Recent

Author Topic: */div and shr/shl  (Read 4751 times)

Okoba

  • Hero Member
  • *****
  • Posts: 660
*/div and shr/shl
« on: March 16, 2022, 12:28:41 pm »
Hello,

Are these two codes equivalent all the time? If so, why not FPC optimize it, as shr appears to be 2x faster than div in microbenchmarks? If not, a sample would be appreciated.

Code: Pascal  [Select][+][-]
  1. V := I div 2;

Code: Pascal  [Select][+][-]
  1. V := I shr 1;

Although these two take the same time:

Code: Pascal  [Select][+][-]
  1. V := I shl 1;

Code: Pascal  [Select][+][-]
  1. V := I * 2;

Tested on Trunk, Win64.

MathMan

  • Hero Member
  • *****
  • Posts: 518
Re: */div and shr/shl
« Reply #1 on: March 16, 2022, 12:49:23 pm »
Hello Okoba,

To answer your first question - no they are not egivalent all the time!

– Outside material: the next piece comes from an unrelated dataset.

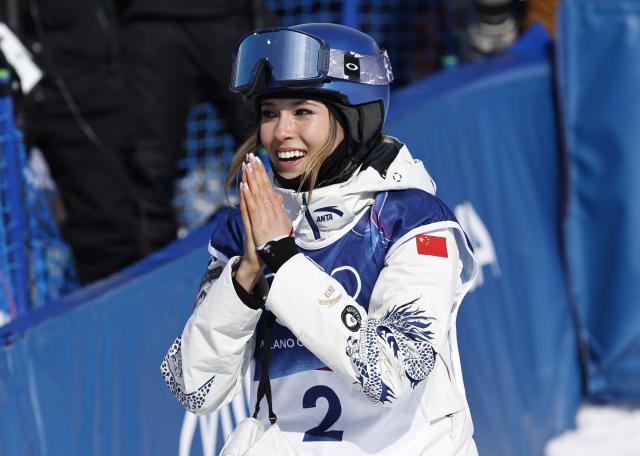 (260222) -- LIVIGNO, Feb. 22, 2026 (Xinhua) -- Gu Ailing of China reacts after run 3 of the freestyle skiing women's freeski halfpipe final at the Milan-Cortina 2026 Olympic Winter Games in Livigno, Italy, Feb. 22, 2026. (Xinhua/Wang Peng)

If I, V are signed integers then "div" <> "shr". On some processors there exist assembler instructions which are eqivalent - e.g. on x86 this is "sar" (shift arithmetic right). But I don't know offhand if this is available as an intrinsic in Free Pascal.

Cheers,
MathMan

PS - removed a wrong "=" sign which had slipped in
« Last Edit: March 16, 2022, 01:04:02 pm by MathMan »

Okoba

  • Hero Member
  • *****
  • Posts: 660
Re: */div and shr/shl
« Reply #2 on: March 16, 2022, 01:04:24 pm »
Can you give me a sample? I saw many uses cases that shl 1 is used instead of * 2 or shr 1 instead of div 2 for performance needs.
And I like to be more aware of pitfalls.

ccrause

  • Hero Member
  • *****
  • Posts: 1119
Re: */div and shr/shl
« Reply #3 on: March 16, 2022, 01:12:06 pm »
If I, V are signed integers then "div" <> "shr". On some processors there exist assembler instructions which are eqivalent - e.g. on x86 this is "sar" (shift arithmetic right). But I don't know offhand if this is available as an intrinsic in Free Pascal.
Note that shift arithmetic right is available in FPC, but this is not a direct equivalent to divide by two of a negative number.

Kays

  • Hero Member
  • *****
  • Posts: 632
  • Whasup!?
    • KaiBurghardt.de
Re: */div and shr/shl
« Reply #4 on: March 16, 2022, 01:13:26 pm »
Write what you mean. The compiler will optimize multiplying/dividing by a constant factor 2ⁿ accordingly.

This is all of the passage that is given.